#### What the task requires:
Nothing in the copy should be a picture; everything else in the listing is to be restated exactly.
Top of Information provided
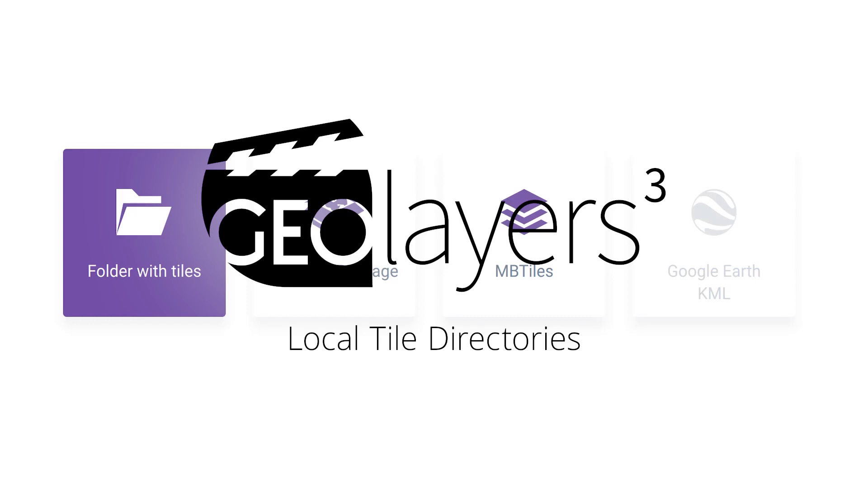Hi there, please follow me along if you want to learn how to work with georeferenced imagery and local tile directories in GeoLayers 3.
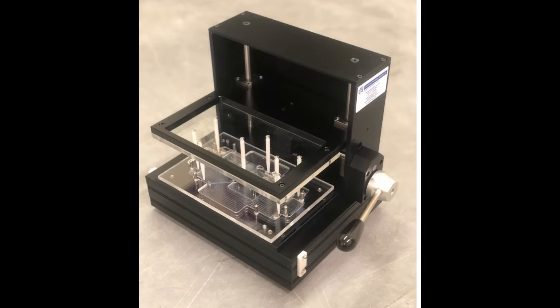Whether it's a manually operated test fixture or a fully automated test fixture, we can provide you the right test fixture solution to meet your schedule and budget.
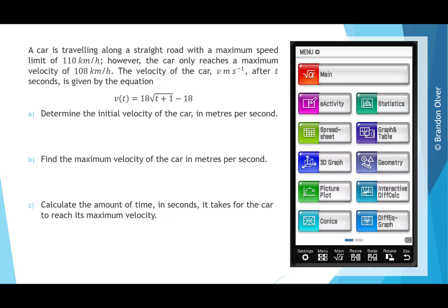A car is travelling along a straight road with a maximum speed limit of 110 km per hour. However, the car only reaches a maximum velocity of 108 km per hour. The velocity of the car, v metres per second, after t seconds, is given by the equation v(t) = 18 times the square root of (t + 1), minus 18.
Bottom of Information provided
#### Solution for this task:
Hi there, please follow me along if you want to learn how to work with georeferenced imagery and local tile directories in GeoLayers 3.
Whether it's a manually operated test fixture or a fully automated test fixture, we can provide you the right test fixture solution to meet your schedule and budget.
A car is travelling along a straight road with a maximum speed limit of 110 km per hour. However, the car only reaches a maximum velocity of 108 km per hour. The velocity of the car, v metres per second, after t seconds, is given by the equation v(t) = 18 times the square root of (t + 1), minus 18.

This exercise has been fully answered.